Longitudinal studies of Alzheimer's disease offer some distinct advantages over cross-sectional studies, not only because dynamic changes can be monitored, but also because subjects can be used as their own controls. In this way, subtle pathological changes within individuals are not masked by wide physiological variability. A number of important studies by Fox and co-workers have shown a clear distinction between the rates of atrophy in patients with Alzheimer's disease compared to controls3Go,18GoGoGoGoGoGo–24Go.

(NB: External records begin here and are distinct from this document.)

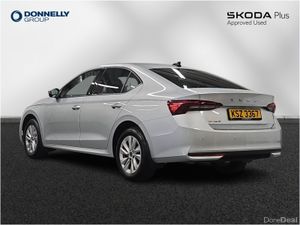 Skoda OCTAVIA Hatchback SE Technology - Image 4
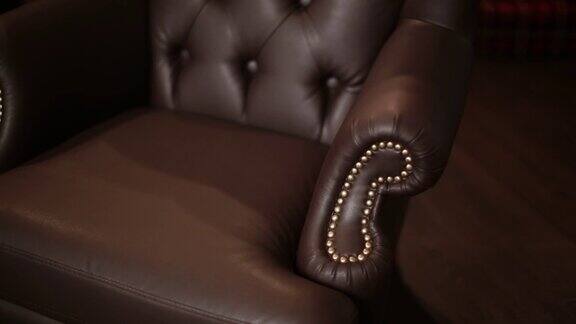 优雅的饱和光泽的金色皮革沙发椅棕色皮革背景
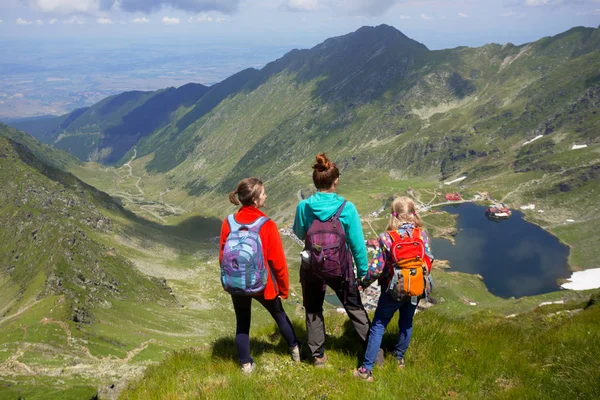 Famiglia in montagna — Foto Stock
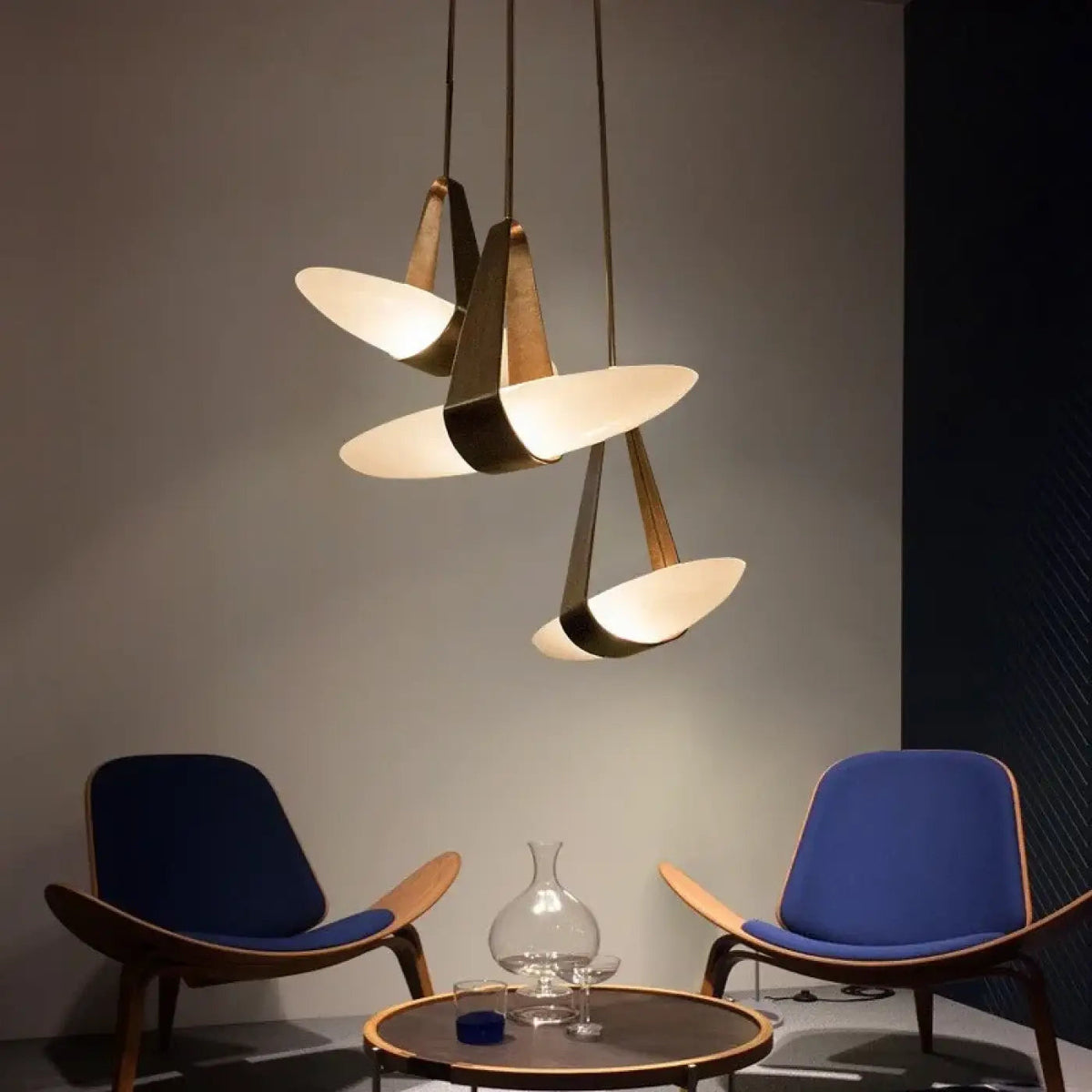 Suspension à bras en métal noir et globes de verre opalin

Importantly, they have shown quantifiable rates of atrophy in presymptomatic patients at risk for Alzheimer's disease. Their earlier studies used sub-voxel linear co-registration and digital subtraction of serial MRI scans. This rigid body co-registration technique allows the quantification of whole brain atrophy (Plate IX see p xiii) and they show global volume loss of 5–20 ml/year in patients versus 2 ml/year in controls. However, local pathological deformations in small complex structures such as the hippocampus cannot be accurately mapped with linear registration. Less constrained, non-linear warping techniques are required. More recently, they have used non-linear registration methods based on a compressible viscous fluid model to characterise local pathological shape deformations in Alzheimer's disease (Plate IXB see p.xiii). Importantly, they have documented the evolution of pathological changes from presymptomatic, at-risk individuals to mild and moderately affected Alzheimer's disease patients (Plate X see p.xiv). They demonstrate significantly increased rates of precuneus and posterior cingulate atrophy in all stages of Alzheimer's disease, with increased rates of atrophy with increasing disease severity. The pattern of temporal lobe atrophy varies with the stage of disease. In presymptomatic individuals and mildly affected patients, significant rates of volume loss are seen in the hippocampi. However, in mild and moderately severe Alzheimer's disease, the distribution of temporal atrophy shifts from mesial structures to inferolateral structures24Go. It thus appears that precuneus and posterior cingulate atrophy may be useful surrogate markers of disease progression throughout the course of Alzheimer's disease, with hippocampal atrophy being a useful index for the early stages.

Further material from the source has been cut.